___ PROVIDED DATA

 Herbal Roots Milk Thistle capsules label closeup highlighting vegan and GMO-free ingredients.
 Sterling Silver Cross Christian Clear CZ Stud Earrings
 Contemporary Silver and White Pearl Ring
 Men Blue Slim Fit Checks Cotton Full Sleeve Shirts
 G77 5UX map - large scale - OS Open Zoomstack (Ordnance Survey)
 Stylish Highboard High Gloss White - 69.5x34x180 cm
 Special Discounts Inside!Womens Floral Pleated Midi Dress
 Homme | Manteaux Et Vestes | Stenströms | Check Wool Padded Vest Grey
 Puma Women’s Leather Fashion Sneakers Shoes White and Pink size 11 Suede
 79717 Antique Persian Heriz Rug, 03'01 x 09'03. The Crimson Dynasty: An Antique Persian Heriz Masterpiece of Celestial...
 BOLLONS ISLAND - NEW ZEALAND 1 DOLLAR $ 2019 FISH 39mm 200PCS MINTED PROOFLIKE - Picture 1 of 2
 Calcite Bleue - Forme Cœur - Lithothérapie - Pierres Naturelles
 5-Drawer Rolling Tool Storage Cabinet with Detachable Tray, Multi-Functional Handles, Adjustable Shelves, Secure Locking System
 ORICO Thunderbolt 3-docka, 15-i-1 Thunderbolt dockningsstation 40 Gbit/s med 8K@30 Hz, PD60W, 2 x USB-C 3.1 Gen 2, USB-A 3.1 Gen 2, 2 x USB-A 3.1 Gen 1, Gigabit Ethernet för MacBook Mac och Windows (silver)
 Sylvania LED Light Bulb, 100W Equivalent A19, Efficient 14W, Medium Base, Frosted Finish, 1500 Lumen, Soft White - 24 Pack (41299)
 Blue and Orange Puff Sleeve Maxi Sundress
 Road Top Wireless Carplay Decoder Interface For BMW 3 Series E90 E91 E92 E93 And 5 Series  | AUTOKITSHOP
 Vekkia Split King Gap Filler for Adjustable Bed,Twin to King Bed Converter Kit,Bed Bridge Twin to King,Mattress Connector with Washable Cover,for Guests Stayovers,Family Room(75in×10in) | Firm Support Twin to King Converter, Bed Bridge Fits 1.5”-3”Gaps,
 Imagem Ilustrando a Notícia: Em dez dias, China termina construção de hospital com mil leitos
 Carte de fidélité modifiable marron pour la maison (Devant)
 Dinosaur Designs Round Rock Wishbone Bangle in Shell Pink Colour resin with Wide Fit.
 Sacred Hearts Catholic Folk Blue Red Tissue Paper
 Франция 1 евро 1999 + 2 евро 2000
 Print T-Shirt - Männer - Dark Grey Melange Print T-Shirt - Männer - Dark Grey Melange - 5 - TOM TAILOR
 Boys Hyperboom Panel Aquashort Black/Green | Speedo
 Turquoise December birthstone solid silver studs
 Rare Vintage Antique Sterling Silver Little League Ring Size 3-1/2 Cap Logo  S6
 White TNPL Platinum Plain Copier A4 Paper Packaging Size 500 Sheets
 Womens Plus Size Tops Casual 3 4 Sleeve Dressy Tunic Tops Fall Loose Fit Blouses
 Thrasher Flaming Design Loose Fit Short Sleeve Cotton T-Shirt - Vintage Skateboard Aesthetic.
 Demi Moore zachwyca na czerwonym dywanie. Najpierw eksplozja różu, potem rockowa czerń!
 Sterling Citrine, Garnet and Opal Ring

______

- [WHAT IS REQUIRED]: All lines in the entries above that include "Antique" should be found and copied.

- [EXERCISE SOLUTION]:
 79717 Antique Persian Heriz Rug, 03'01 x 09'03. The Crimson Dynasty: An Antique Persian Heriz Masterpiece of Celestial...
 Rare Vintage Antique Sterling Silver Little League Ring Size 3-1/2 Cap Logo  S6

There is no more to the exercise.